Ходили слухи, что у них бывают вечеринки с патефоном, и к ним приходят девицы — Верка и Люська, и они зажигают сразу две лампы-десятилинейки на керосине. А пьют, якобы, самогон из настоящих стеклянных стаканов и заедают свиной тушенкой. А по праздникам на столе у них возникает буханка белого военторговского хлеба и сало.

Но это уже относилось — по нашим соображениям — явно к области сверхъестественного. А мы были реалистами, обученными суровой военной жизнью. И к этим слухам мы относились с вполне оправданным недоверием: подобные легенды были выше нашего самого разнузданного воображения!

Источники доходов у них были разнообразны, и по военной поре — с воеобычны.

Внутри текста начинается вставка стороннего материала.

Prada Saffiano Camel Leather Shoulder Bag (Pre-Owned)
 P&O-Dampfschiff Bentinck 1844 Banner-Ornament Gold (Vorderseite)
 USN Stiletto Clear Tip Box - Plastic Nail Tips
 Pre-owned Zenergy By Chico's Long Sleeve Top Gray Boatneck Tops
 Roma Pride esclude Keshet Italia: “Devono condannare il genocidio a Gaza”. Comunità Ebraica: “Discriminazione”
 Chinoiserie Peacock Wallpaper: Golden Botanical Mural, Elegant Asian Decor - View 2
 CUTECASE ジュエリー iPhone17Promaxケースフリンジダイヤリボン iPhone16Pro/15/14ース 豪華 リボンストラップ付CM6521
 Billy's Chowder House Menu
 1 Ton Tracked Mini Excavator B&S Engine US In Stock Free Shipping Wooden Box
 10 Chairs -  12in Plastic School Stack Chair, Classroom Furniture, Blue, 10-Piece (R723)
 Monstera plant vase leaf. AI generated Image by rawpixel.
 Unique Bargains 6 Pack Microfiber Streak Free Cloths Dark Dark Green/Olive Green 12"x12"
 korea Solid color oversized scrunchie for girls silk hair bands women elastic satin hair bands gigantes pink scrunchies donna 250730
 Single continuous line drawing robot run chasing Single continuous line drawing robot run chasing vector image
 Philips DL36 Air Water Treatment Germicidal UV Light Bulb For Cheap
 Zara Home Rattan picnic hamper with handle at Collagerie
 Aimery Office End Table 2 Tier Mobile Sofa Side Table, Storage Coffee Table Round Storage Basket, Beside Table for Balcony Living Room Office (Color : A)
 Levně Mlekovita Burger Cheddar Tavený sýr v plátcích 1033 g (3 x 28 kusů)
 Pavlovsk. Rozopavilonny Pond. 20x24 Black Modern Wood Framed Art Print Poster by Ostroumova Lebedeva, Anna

Когда простейшая швейная иголка делалась неразрешимой проблемой, близость к инструменту и всякой прочей железной снасти уже становилась сама собой целым неисчерпаемым рудником возможностей.

Они промышляли, к примеру, изготовлением литых ложек, металлических оградок на могилы, а также кружек и бидонов из старых, вылизанных досуха консервных банок. Особым шиком считались бидоны, сварганенные из трех-четырех лендлизных банок, где строго одна над другой на тусклом золотистом фоне читалась надпись: «Свиная тушенка»…

Да, их обогащала всеобщая военная бедность…

К тому же — что никому в городке не было секретом — они еще и поворовывали. То на базаре с лотка что-нибудь стянут, то зазевавшуюся приезжую торговку пощиплют, а чаще шуровали по карманам гражданского населения. Так, по мелочам. В нашем городке, где в те скудные времена было всего два продуктовых магазина, военторг, столовка да железнодорожный ларек и каждого человека знали вдоль и поперек как облупленного, крупным делам было возникнуть неоткуда.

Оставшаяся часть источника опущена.